=== EXERCISE INPUTS ===
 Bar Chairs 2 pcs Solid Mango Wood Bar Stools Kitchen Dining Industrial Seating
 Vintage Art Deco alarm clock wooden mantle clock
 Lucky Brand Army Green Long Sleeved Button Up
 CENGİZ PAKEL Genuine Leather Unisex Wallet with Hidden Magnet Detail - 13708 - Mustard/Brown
===
=== EXERCISE INPUTS ===
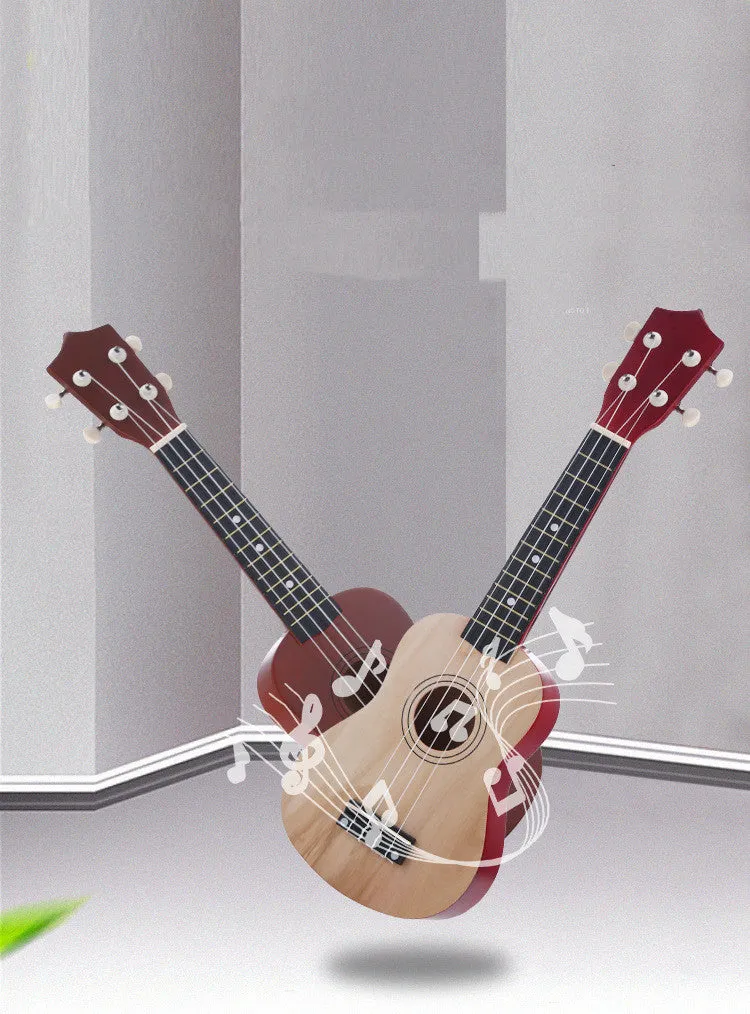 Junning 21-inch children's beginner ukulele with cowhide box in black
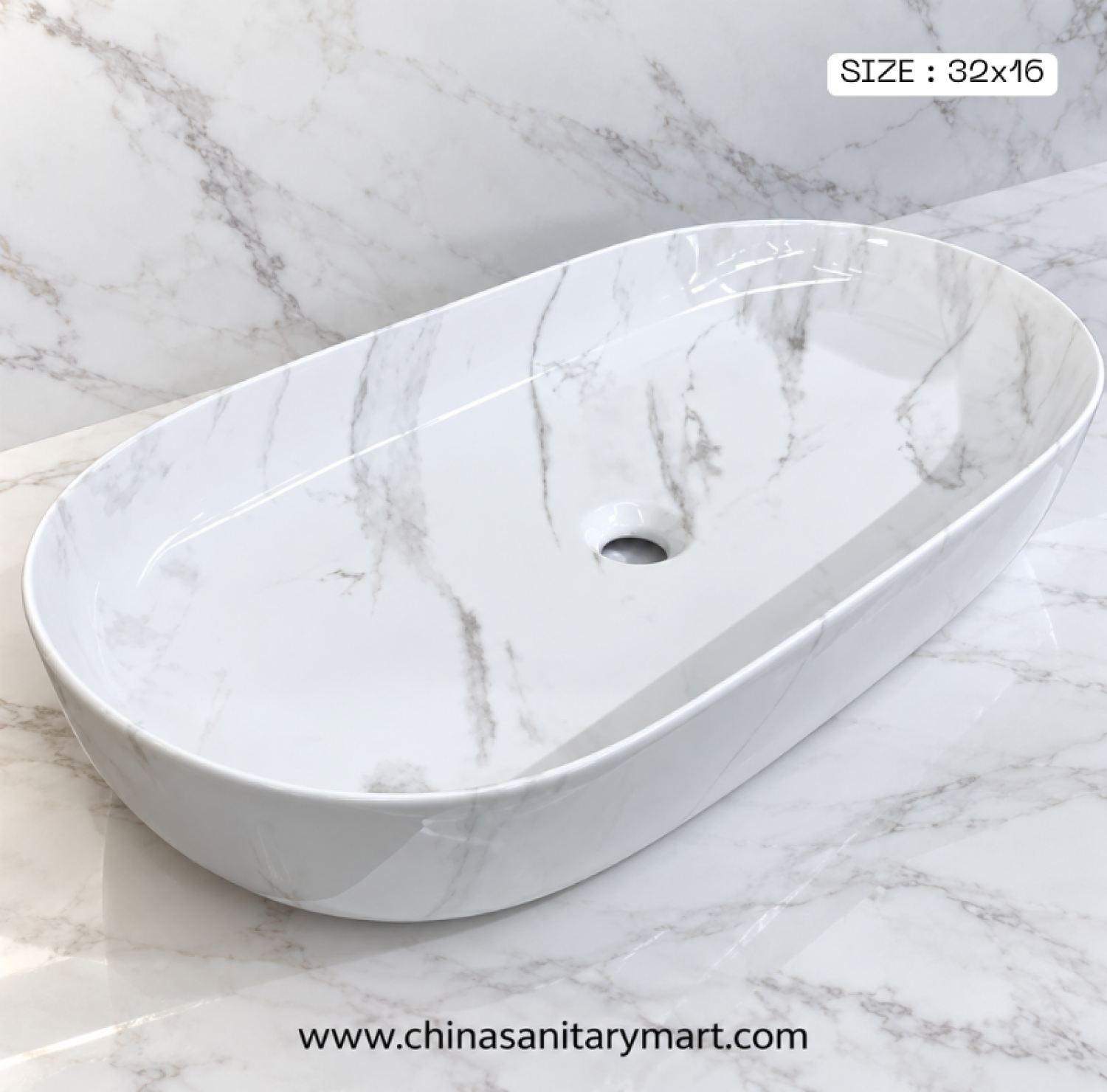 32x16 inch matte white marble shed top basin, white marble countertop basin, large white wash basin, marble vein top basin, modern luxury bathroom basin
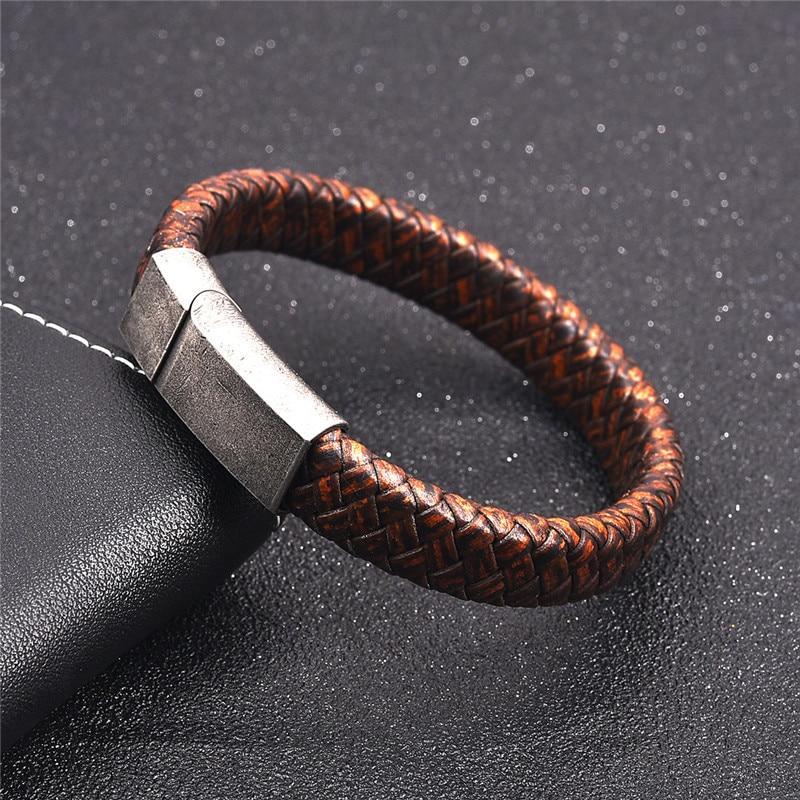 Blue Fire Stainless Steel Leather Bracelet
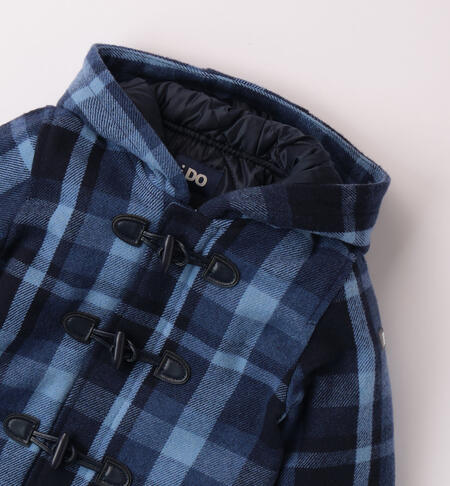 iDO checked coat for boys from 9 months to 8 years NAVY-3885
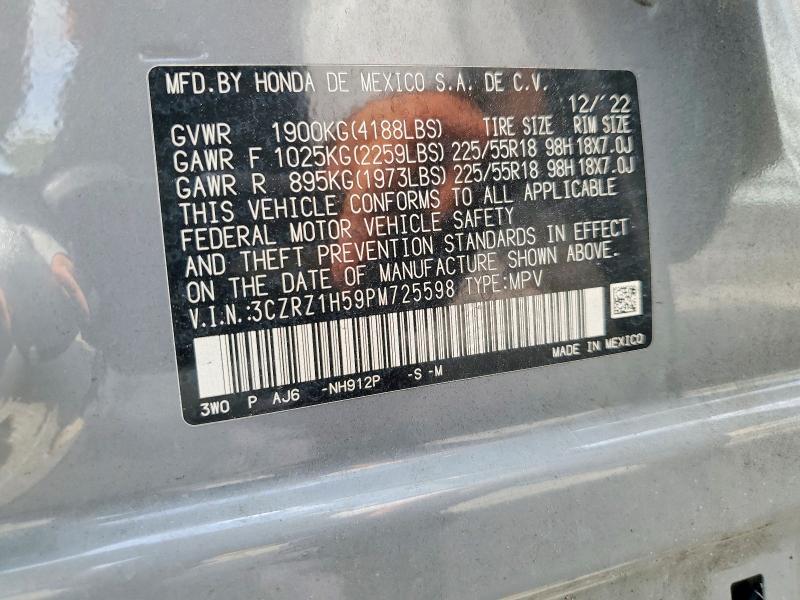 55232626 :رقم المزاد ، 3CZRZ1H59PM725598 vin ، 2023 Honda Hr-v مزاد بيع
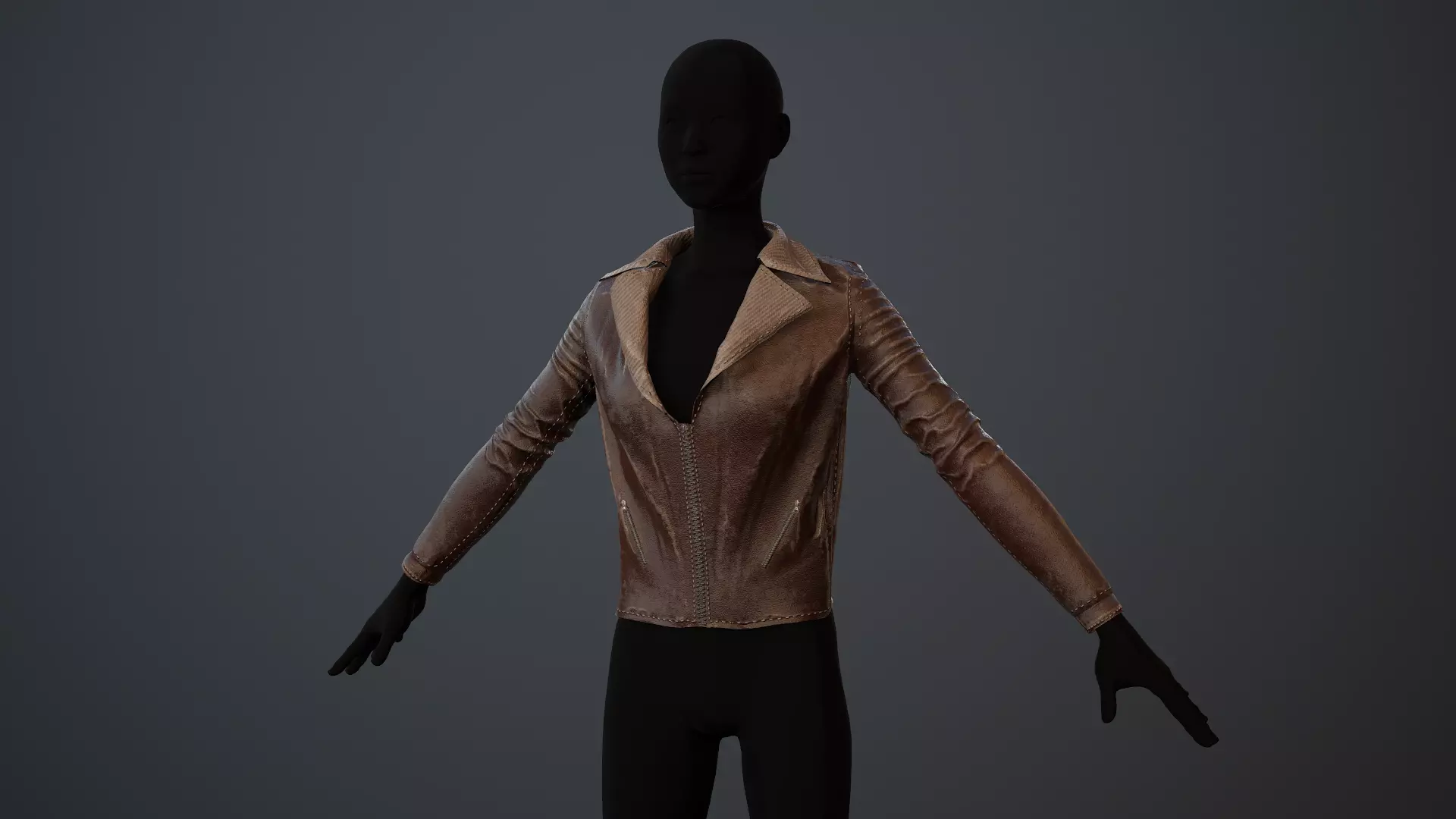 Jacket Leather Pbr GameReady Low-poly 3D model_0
===
* EXERCISE PROMPT *
In the listing above, find the line containing "iDO checked coat" and the line containing "Jacket Leather Pbr"; print those lines and every line between them exactly, leaving out pictures.

* REPLY TO THE TASK *
 iDO checked coat for boys from 9 months to 8 years NAVY-3885
 55232626 :رقم المزاد ، 3CZRZ1H59PM725598 vin ، 2023 Honda Hr-v مزاد بيع
 Jacket Leather Pbr GameReady Low-poly 3D model_0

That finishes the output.